Di tepi Sungai Seine yang beriak lembut, sebuah drama kota sedang berlangsung. Bukan drama tentang keagungan sejarah atau romantisme Paris yang selama ini kita kenal, melainkan sebuah pertunjukan protes yang mengejutkan dan, ya, sedikit menjijikkan.
Warga Paris, dalam aksi perlawanan mereka terhadap penyelenggaraan Olimpiade 2024, meluncurkan kampanye hashtag yang mengajak untuk "buang hajat bersama-sama" di sungai yang justru akan menjadi venue utama pesta olahraga dunia tersebut[1].
Mengapa?
Mengapa kota yang dikenal sebagai pusat kebudayaan dan keanggunan Eropa ini tiba-tiba berubah menjadi panggung protes yang begitu vulgar?
Jawabannya terletak pada lapisan-lapisan sejarah dan politik yang telah lama terendap di dasar Sungai Seine, seperti limbah yang kini mengancam kesuksesan Olimpiade.

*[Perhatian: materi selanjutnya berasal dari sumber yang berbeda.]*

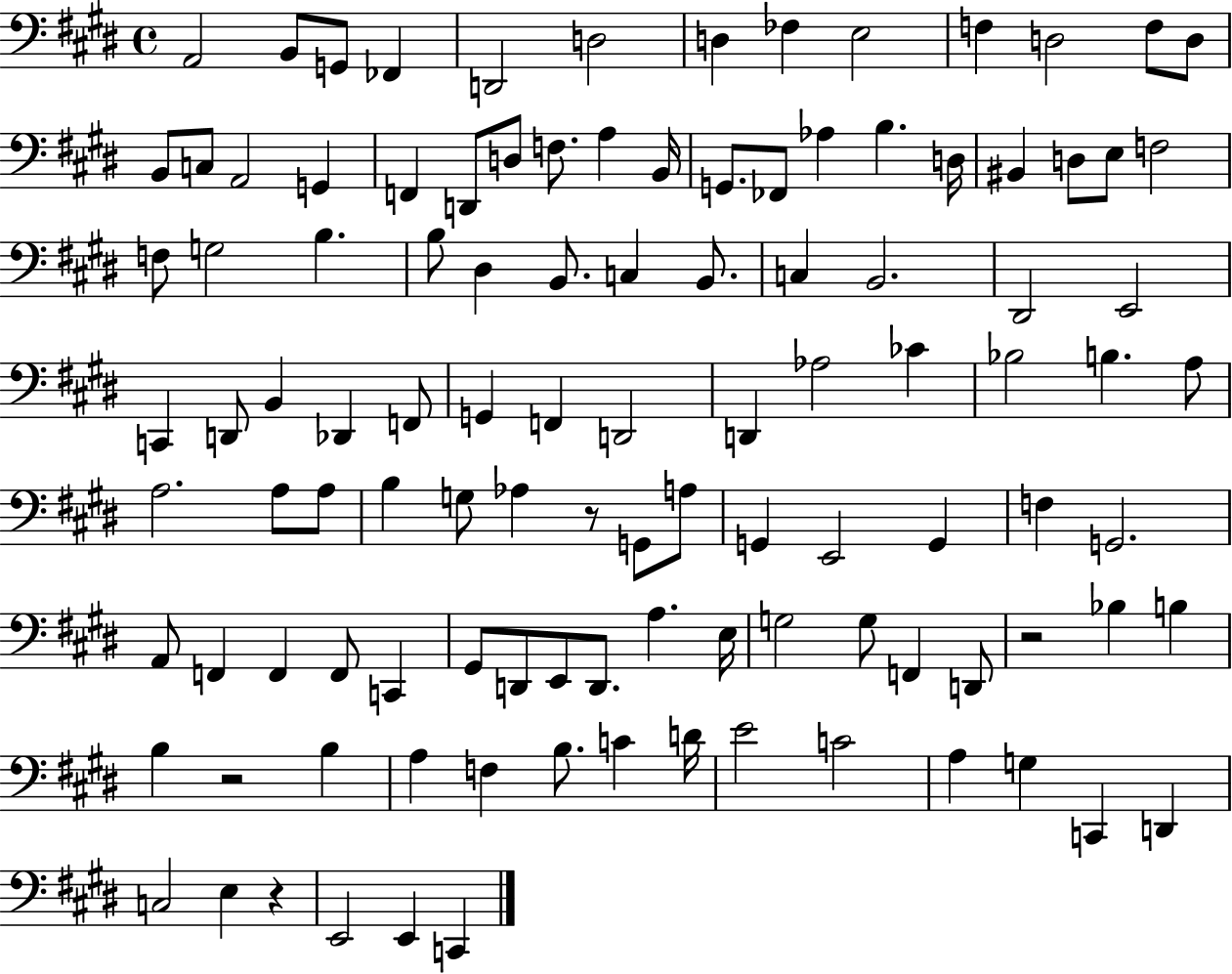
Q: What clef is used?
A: bass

Ketika Paris diumumkan sebagai tuan rumah Olimpiade 2024 pada tahun 2017, gemuruh tepuk tangan dan sorak-sorai memenuhi udara. Namun, di balik euforia itu, tersembunyi kekhawatiran yang perlahan-lahan menggerogoti antusiasme warga.
Sungai Seine, yang selama ini menjadi saksi bisu perjalanan sejarah Paris, tiba-tiba diproyeksikan sebagai panggung utama Olimpiade.
Bagi pemerintah, ini adalah kesempatan emas untuk menunjukkan kepada dunia bahwa Paris bukan hanya kota dengan masa lalu yang gemilang, tetapi juga kota yang siap menyongsong masa depan. Namun bagi sebagian warga, keputusan ini adalah cermin dari arogansi penguasa yang mengabaikan realitas.
Realitas bahwa Sungai Seine, seperti halnya banyak sungai di kota-kota besar, telah lama menjadi saluran pembuangan limbah kota.
Air yang mengalir di bawah jembatan-jembatan bersejarah itu bukan lagi air yang jernih, melainkan cocktail berbahaya dari limbah rumah tangga dan industri[2].
Ketika hujan turun, sungai ini menjadi lebih kotor lagi, membawa serta segala macam kotoran dari jalanan Paris.